We had a relaxed spell and then Neil, Di and I set off for the remaining 30 kilometres into Port Fairy. We had a very enjoyable ride together and were delighted to get all the way from Portland to Port Fairy without being rained on. With our last rest day here in Port Fairy Neil had opted to book into a hotel and Di and I had reserved a double room in the YHA. Here's my bike parked against the fence of the hostel ...

Arrival

It turns out that our accommodations are less than 200 metres apart. Collis dropped our bags off for us and we settled in. Well, Di and I did but Neil's room wasn't ready for him. He came over to the hostel and then we wandered into town and had a great lunch courtesy of The Farmer's Wife

Here's a graphic of our journey today ...

Portland to Port Fairy
We have just now walked back from the caravan park where the others are settled. Collis laid on a barbecue, with contributions from Jen (potatoes and nibbles) Jacquei (coleslaw) and a Greek salad prepared by Di. It was a convivial meal and now I am ready for bed, where Di has already taken herself. After our rest day we have three interesting days ahead before the last easy day into Melbourne. It seems incredible that we are more than 90 percent of the way through our journey and that it will come to an end five days from now.


Distance covered to date: 4314 kilometres

Thursday 27 August 2015

Yep! We're Still Here ...

A Transitional Stage: Nelson to Portland

While we were wandering around Portland this afternoon we stopped in at a coffee shop and Di spotted a photo over my shoulder that she said could easily have been me when I was a lad. Although she didn't know me when I was this sort of age, she thought that it pretty much encapsulates my personality, and I'd have to say I'm pretty happy she thinks that. Here's the photo: what do you think?

Doesn't this encapsulate why we all started riding bikes?
Heck, while I'm digressing, I might as well sidle away a little further. This photo makes me think of a wonderful song that I hope will always reflect my approach to life. It's something that I came across completely by accident one day ... maybe while driving in the car ... maybe while listening to the radio while poking around in the garden. Don't remember. But every once in a while the tune comes back into my consciousness, like today. You might know it; you might not. But if you ride a bike you probably lean towards this approach to life yourself at least some of the time. Do yourself a favour: turn your speakers up loud and listen to this. If you didn't quite catch all the lyrics you can see them here.

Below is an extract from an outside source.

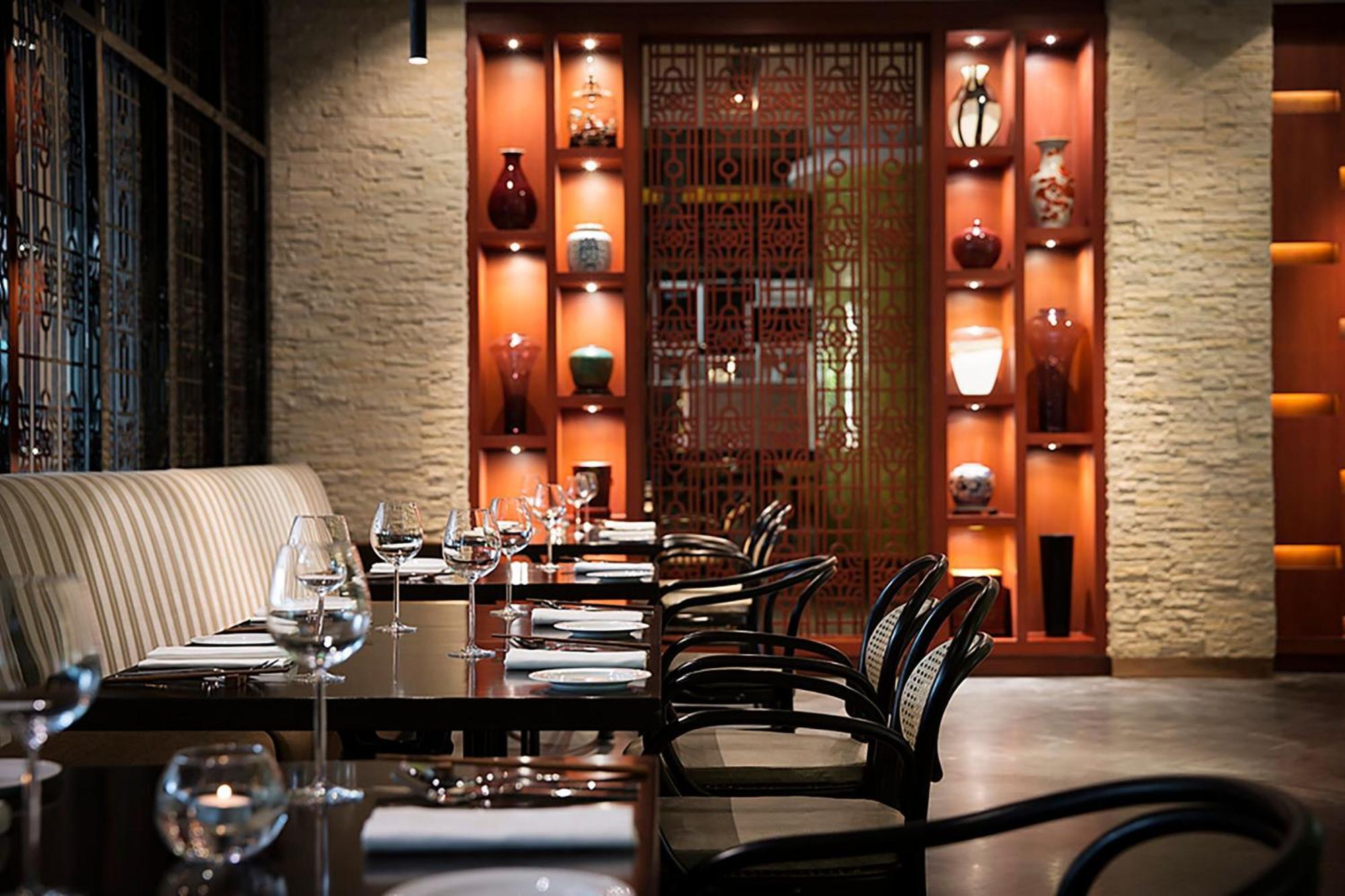 Jw Marriott Hotel New Delhi Aerocity Exterior foto Interior of the restaurant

After the previous post you might have thought you'd heard the last of me. No such luck! Yep. We're still here. Yesterday's ride was so bad Di said partway through that there was no way she was going to ride 70 kilometres today on that bl&#dy road! Nonetheless, after we'd had a relaxing afternoon poking around the waterfront and then having dinner at the Nelson pub she felt rehabilitated enough this morning to get back on the bike. And the day was much better than we thought it was going to be despite what the lass behind the counter at the kiosk in Nelson and several other locals had to say. The road turned out to be significantly better than the locals they said it would be, and there were fewer trucks on the road. The day still had its setbacks though ...

Footloose but not fancy free ...

We were pedalling along quite nicely up until about the 10 kilometre mark until we stopped so that I could turn on my tail light. Our departure at about 7:30 was in clear conditions so I hadn't thought to put it on, especially as we (Di, Neil and I) were all wearing our neon yellow rain jackets. It was cool with high humidity and we imagined that we wouldn't be riding very quickly because we expected the road surface - and especially the shoulder - to be fairly ordinary. And it was, initially. The shoulder especially was either pretty broken up or non-existant. Luckily though, unlike yesterday there were very few trucks on the road.

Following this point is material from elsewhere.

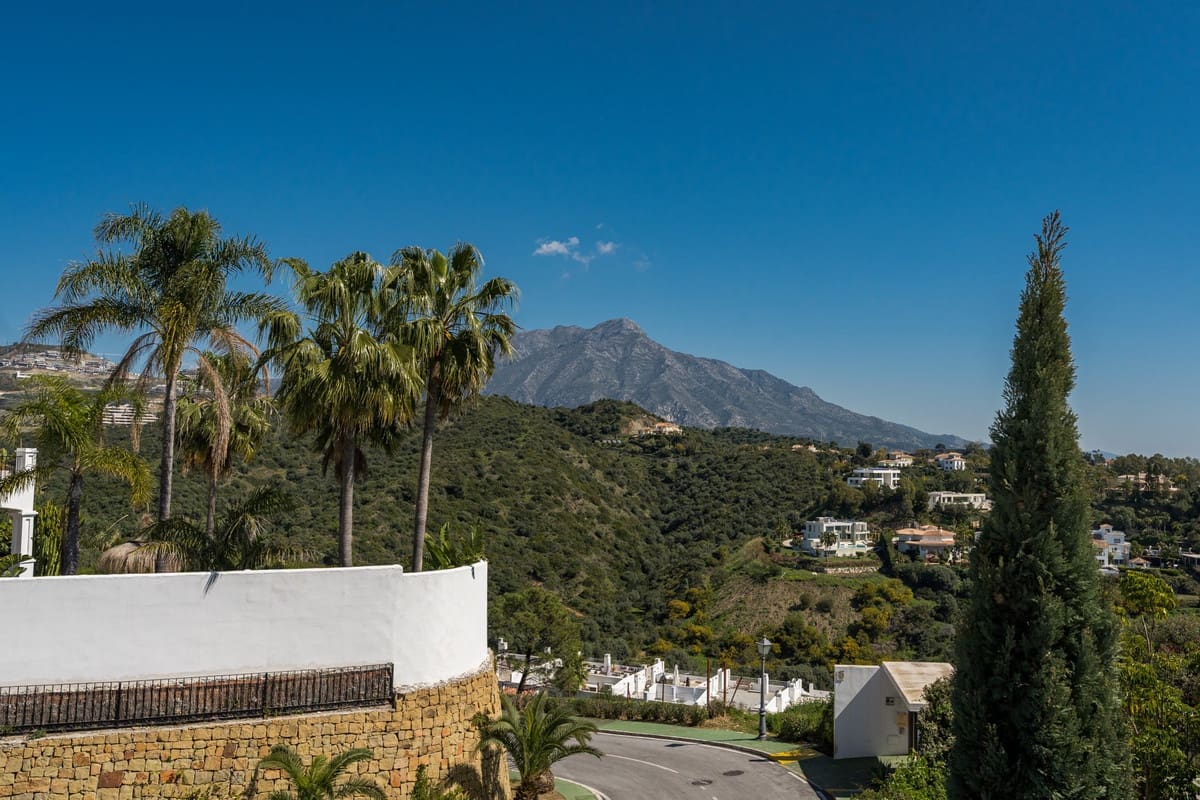 3 bedroom Flat for sale in Benahavis with pool garage - € 1,495,000 (Ref: 9523497)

Dianne and I had caught up to Neil a bit beforehand as he left a few minutes before us. As I said, I pulled over to turn on my tail light. Di stopped and unclipped to wait and so did Neil. We started up again, but I hadn't heard Di - who was at the back - call out that she hadn't been able to clip into one of her pedals. A bit further down the road I wondered why Di was lagging, so got off the bike to wait. Neil went on after graciously asking if I minded if he tootled on ahead. She'd been off the bike a couple of times to try to clean out her cleat, thinking that she might have got a pebble stuck but had no luck getting things to work. (We both ride with Speedplay, which need a bit more looking after than SPD style pedals.)

Once she arrived, I got her to take her shoe off so I could have a proper look. The cleat was very worn and I thought that maybe that's why it wouldn't engage. In any case, it just wouldn't! There was nothing for it but to get back on and ride as best she could until the morning tea stop. Collis and Kathy went past, with Collis stopping up the road a bit after I told him that Di couldn't clip in one pedal. I thought I'd try a bit of chain oil on the cleat to see if that would help. Nope. No good. 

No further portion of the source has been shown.